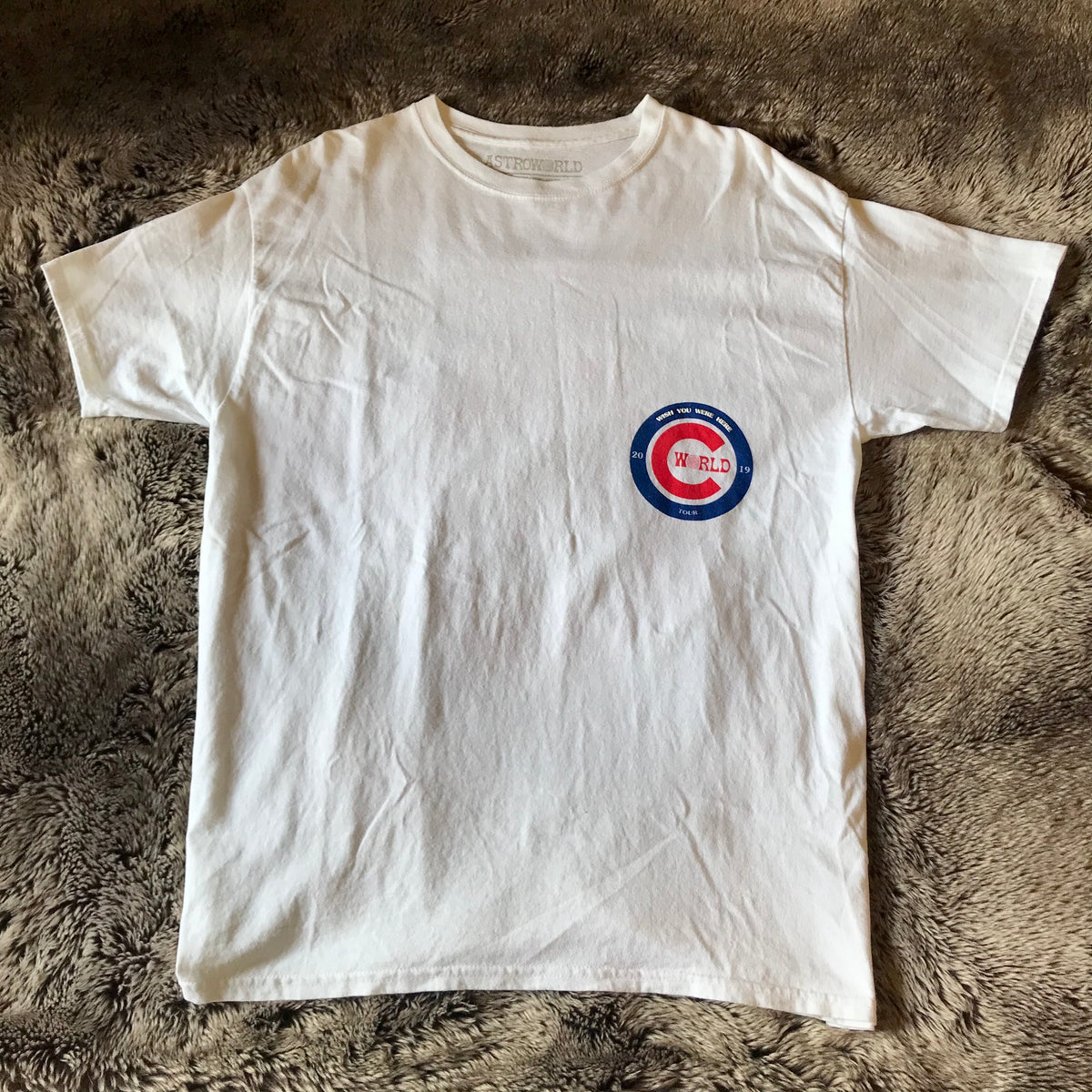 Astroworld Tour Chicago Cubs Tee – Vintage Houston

...

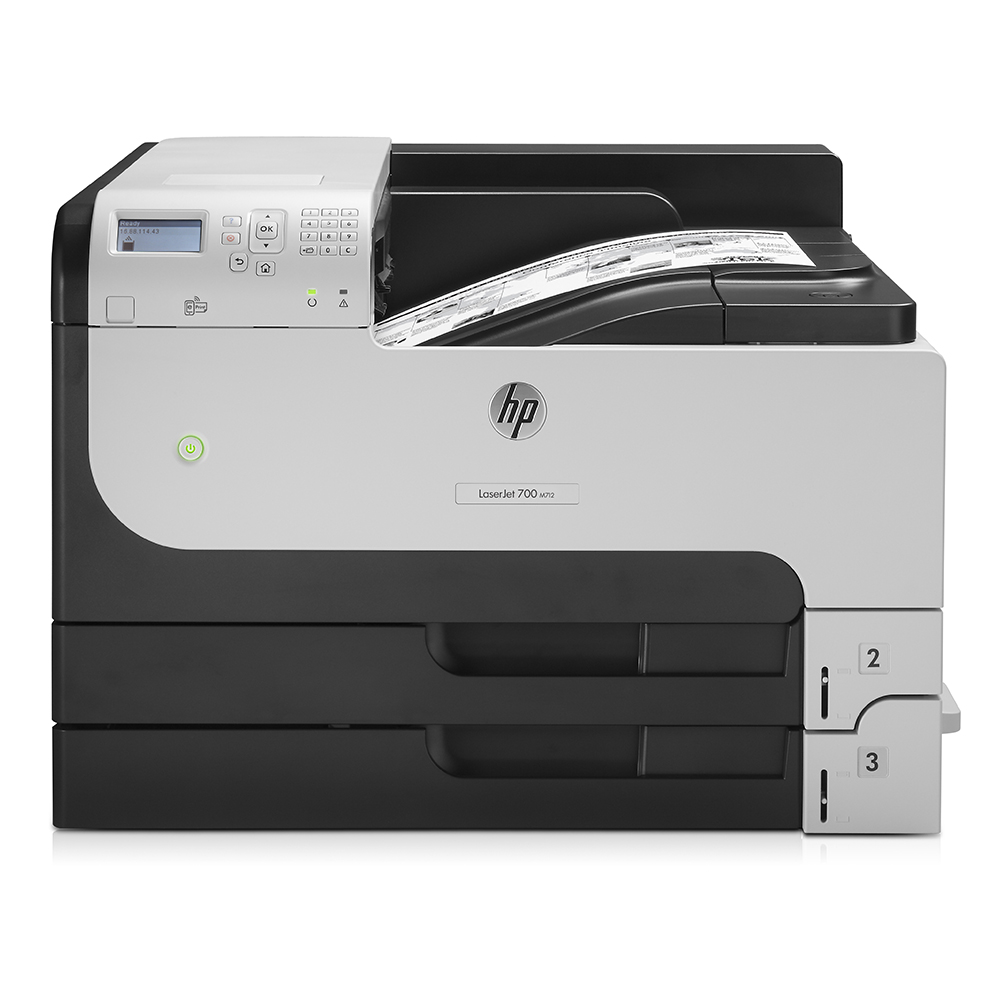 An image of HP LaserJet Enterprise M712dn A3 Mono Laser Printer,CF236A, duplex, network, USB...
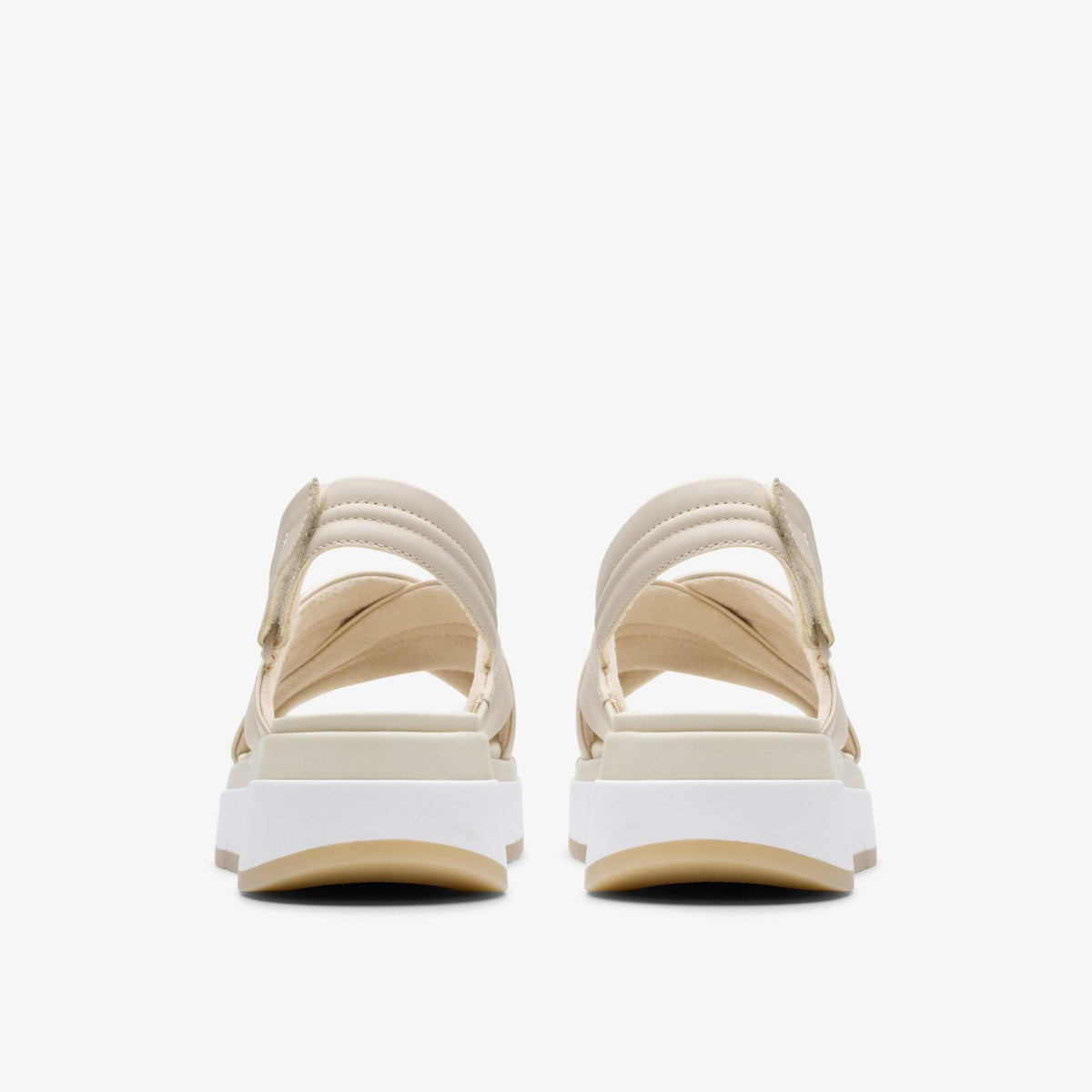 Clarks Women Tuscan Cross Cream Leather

* * *

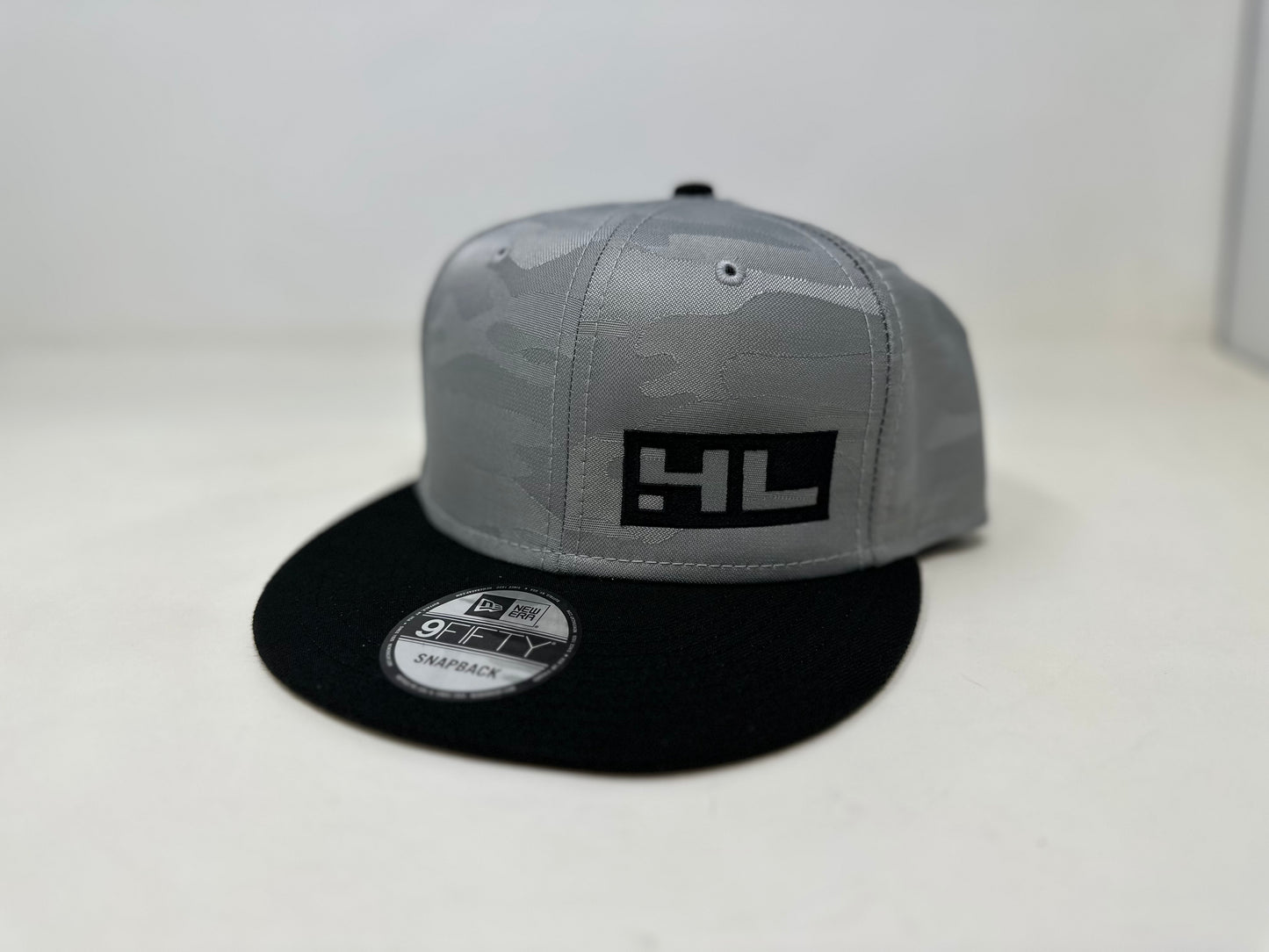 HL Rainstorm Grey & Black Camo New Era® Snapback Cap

YOUR INSTRUCTIONS
Would you write out exactly the lines above, starting at the line containing "An image of" and stopping after the line containing "Clarks Women Tuscan Cross Cream Leather"? Omit the pictures.

RESPONSE TO THIS EXERCISE
 An image of HP LaserJet Enterprise M712dn A3 Mono Laser Printer,CF236A, duplex, network, USB...
 Clarks Women Tuscan Cross Cream Leather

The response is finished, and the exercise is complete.